Accusations of human rights abuses and the behaviour of the country’s leadership have done little to deter emerging market investors in the past. However, Turkmenistan combines this with a remarkable talent for attacking these investors by expropriating their assets, not paying their debts and chasing them out of the country.

Most recently, Turkmenistan cut access to its telecommunications lines for MTS, Russia’s largest telecoms company, despite the fact the company had built them. This prompted a $750 million arbitration claim launched in the World Bank’s International Centre for the Settlement of Commercial Disputes (ICSID) in 2018.

A Belarussian company, Belgorkhimprom, has been blocked from accessing a potash plant it built on a government contract. The company has still yet to be paid in full. In recent years flurry number of arbitrations have been filed by Turkish construction companies who have millions of dollars of unpaid debts.

Turkmenistan’s greed has also hit German investors; In October 2018, ICSID registered a claim by German engineering company Unionmatex Industrieanlagen against Turkmenistan after state obstruction forced the company into administration.

Turkmenistan is in one of the greatest economic crises in its history. As ever-increasing agricultural output is reported on state television, the queues for flour become progressively longer as the Government axes both public services and ministries to save costs.

Russia and Iran have yet to restart gas imports. The country is in desperate need of international finance, and yet exposes itself as an unreliable partner to anyone that invests.

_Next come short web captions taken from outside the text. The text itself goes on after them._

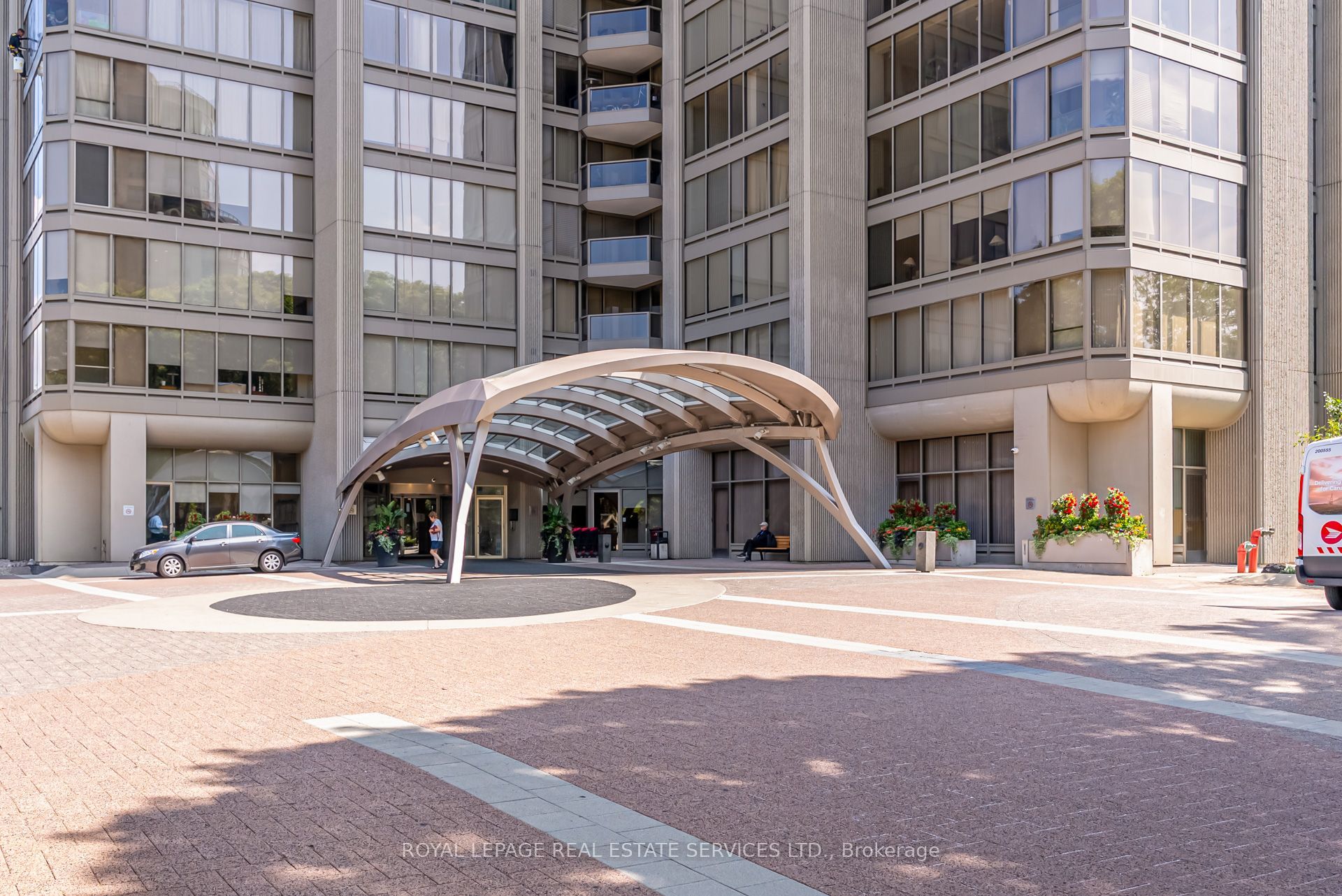 2045 Lake Shore Boulevard W 1610, Toronto, ON M8V 2Z6 photo 3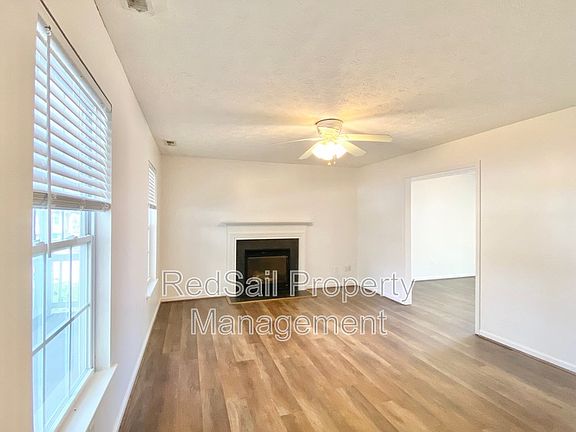 4th image of 534 Brightwood Ave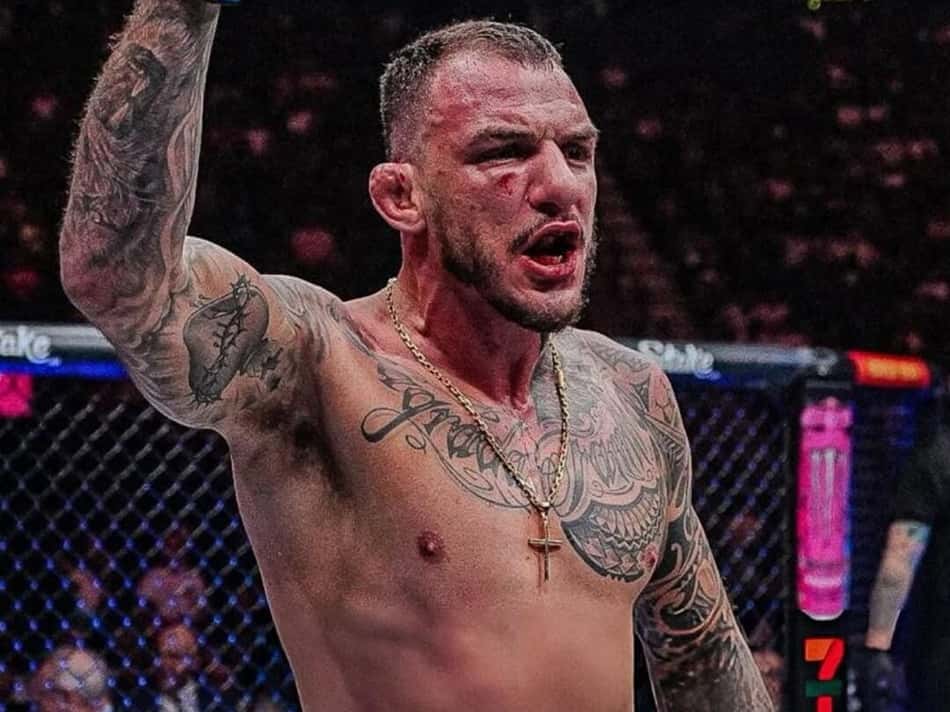 Com o braço direito erguido, Renato Moicano comemora vitória no UFC Vegas 115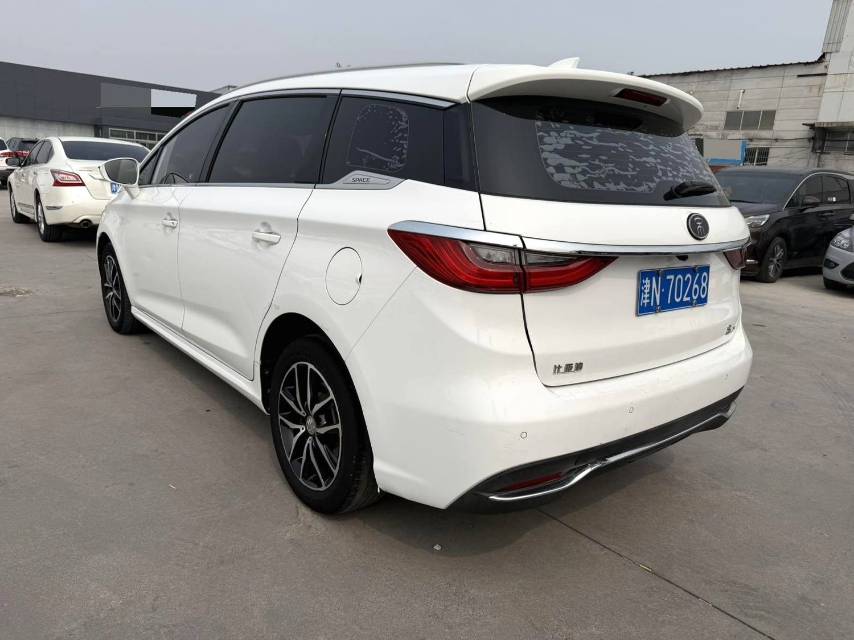 BYD MAX 1.5T Automatic 7 Seats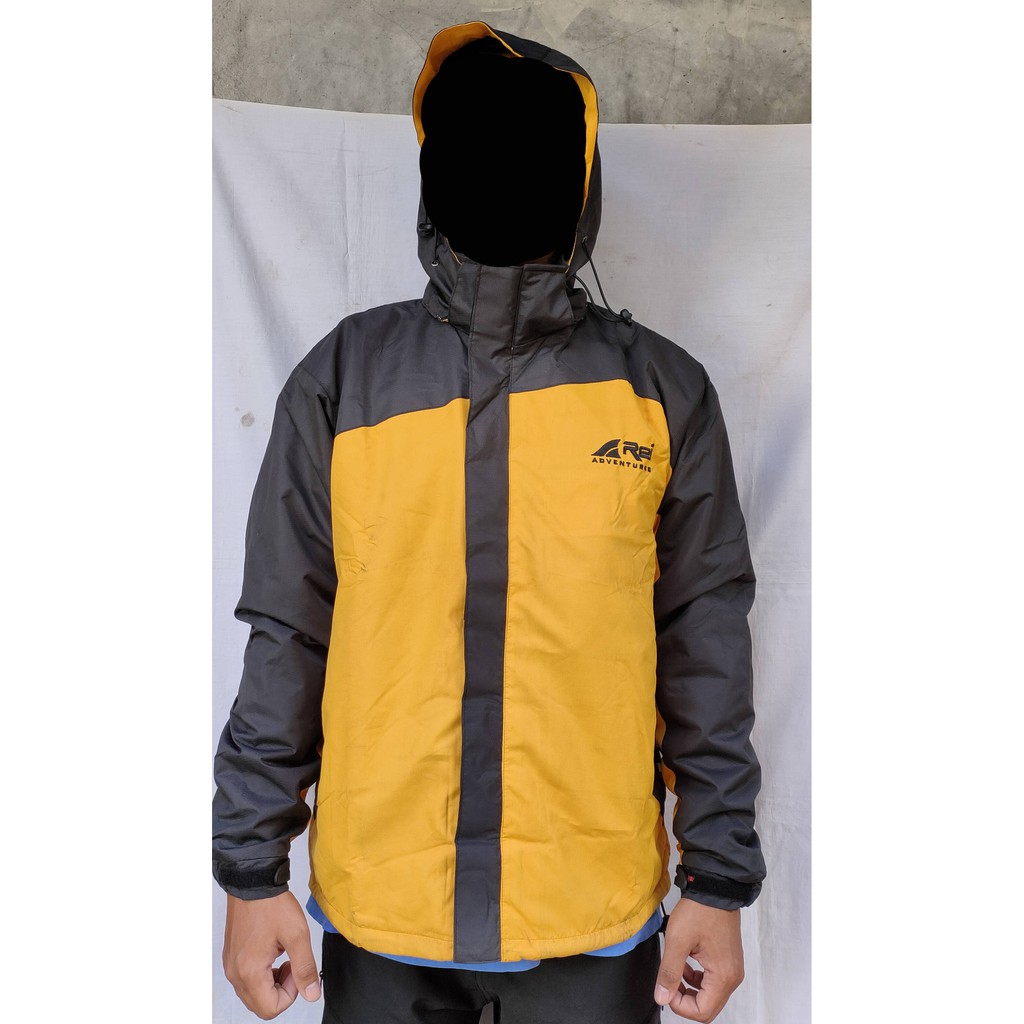 Jaket Gunung REI Adventure Robson R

There is something deeply engrained in the German psyche to turn and look east towards exciting investment projects. Yet as Harms and his friends heap praise on representatives of this terrible regime, any investor engagement is futile.

Countless human rights reports have done little to curtail abuses carried out on citizens by an egotistic and insecure leader who has mismanaged the economy into the ground. With no positive investor climate to justify it, engaging with the Turkmen Government is a step too far.